■ Work to complete
Exactly as written, output each of the lines below, with no images.

■ Given material
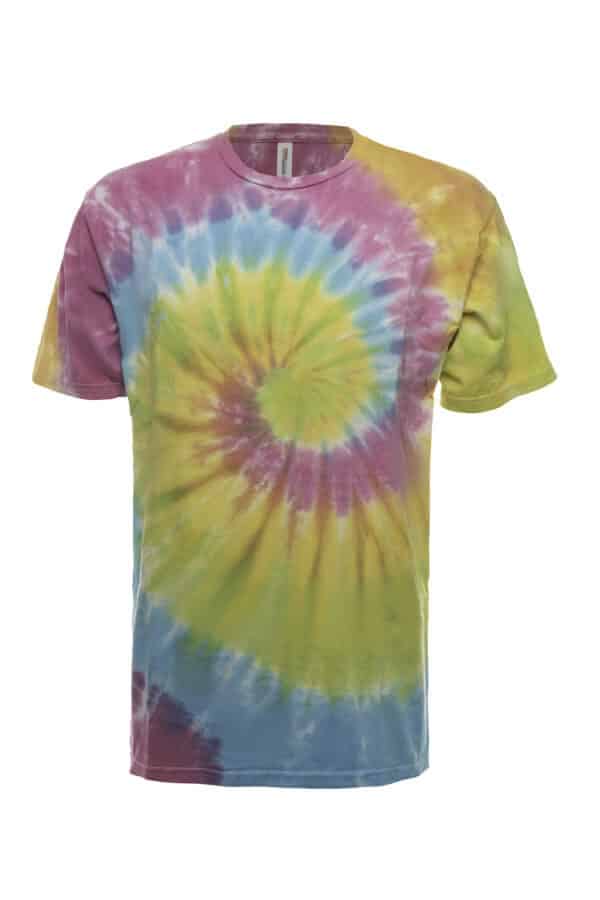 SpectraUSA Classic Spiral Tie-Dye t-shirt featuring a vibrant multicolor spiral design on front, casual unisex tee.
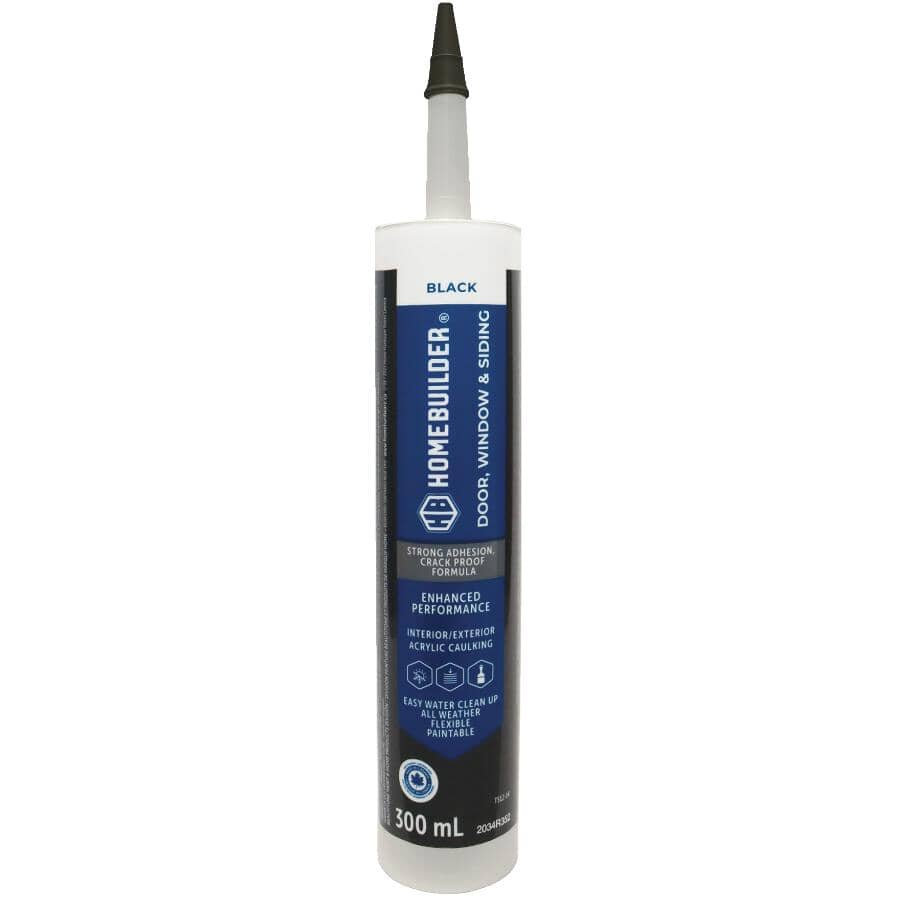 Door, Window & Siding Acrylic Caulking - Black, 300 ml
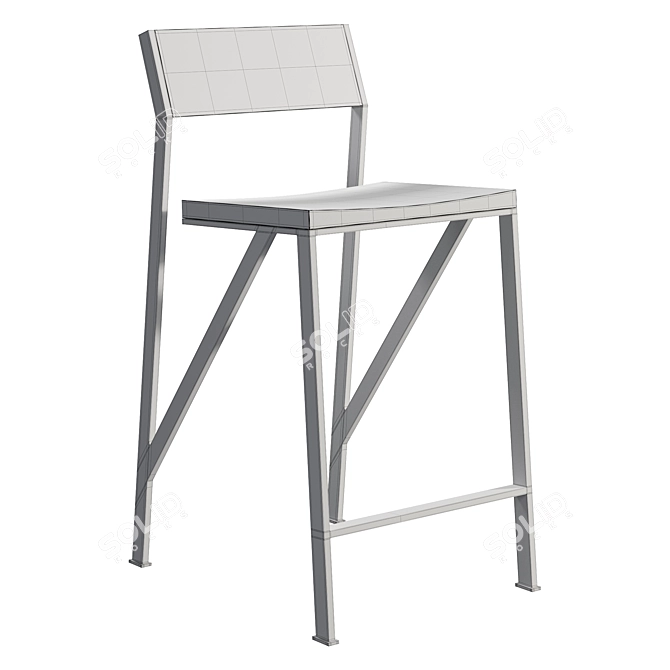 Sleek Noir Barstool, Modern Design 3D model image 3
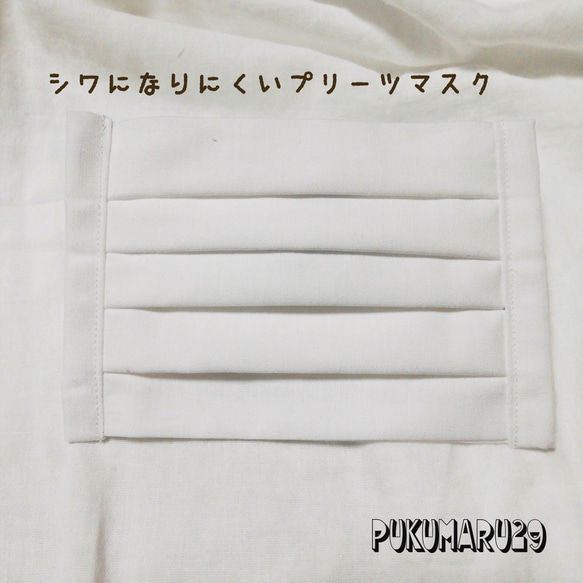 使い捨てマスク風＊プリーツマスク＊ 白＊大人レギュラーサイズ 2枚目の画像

■ Output for this task
 SpectraUSA Classic Spiral Tie-Dye t-shirt featuring a vibrant multicolor spiral design on front, casual unisex tee.
 Door, Window & Siding Acrylic Caulking - Black, 300 ml
 Sleek Noir Barstool, Modern Design 3D model image 3
 使い捨てマスク風＊プリーツマスク＊ 白＊大人レギュラーサイズ 2枚目の画像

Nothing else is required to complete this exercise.